Don't get me wrong, it takes time to get to different levels of friendship.  My college roommates and PSE friends have dirt on me that will bond us for life (and give us many memorable things to laugh and talk about when we get the chance).  These experiences ARE what make the friendship become stronger and live on long after you are in different states and different phases of life.  I didn't break out the non filtered version of myself right off the bat.  Didn't want to scare anyone off.  It takes time to get to a place where you can truly be yourself with people.  (I've been married to my husband for 15 years and I STILL don't fart in front of him if I can help it.  Sometimes I can't, help it, that is)!  So I wasn't about to throw out a slur of 15 curse words in true Jen-style right away.  That shit takes time and trust.  But, I'm getting there.
Last night we went out for a "going away for awhile" send off for my friend Heather.  She's going into witness protection for a little while, just until the trial.  Really, she's just moving to Alameda to renovate a house and it's only a 35 minute drive from here.  But, she won't be here every day, so a send off was in order.  So, seven women, ranging in age from 30's to 50's went out for dinner and then to a dueling piano bar.  If you know me at all, you know I'm not much of a bar person.  But, you do things that are out of your comfort zone for friends, am I right?  It was truly a blast!  Yes, things got a little crazy and I got home WAY too late, but the crazy and the late-that's pure friendship bonding time!
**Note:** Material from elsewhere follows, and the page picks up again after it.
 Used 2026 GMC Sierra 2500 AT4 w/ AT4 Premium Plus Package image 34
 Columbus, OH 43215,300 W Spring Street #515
At one point, Heather (pictured here on the piano) broke into spontaneous lap dances.  I was the lucky recipient of one said lap dance.  Yep, we both ended up falling off my bar stool and her beer got spilled-not pretty!  But, you don't just meet someone new and hop up on their lap (well, maybe Heather would with enough Corona in her).  That type of behavior is usually reserved for someone who knows you well enough to not run away screaming.  So happy to have gotten to that point here in Cali with my "newest" friends.  Yep, people, a lap dance really does say A LOT!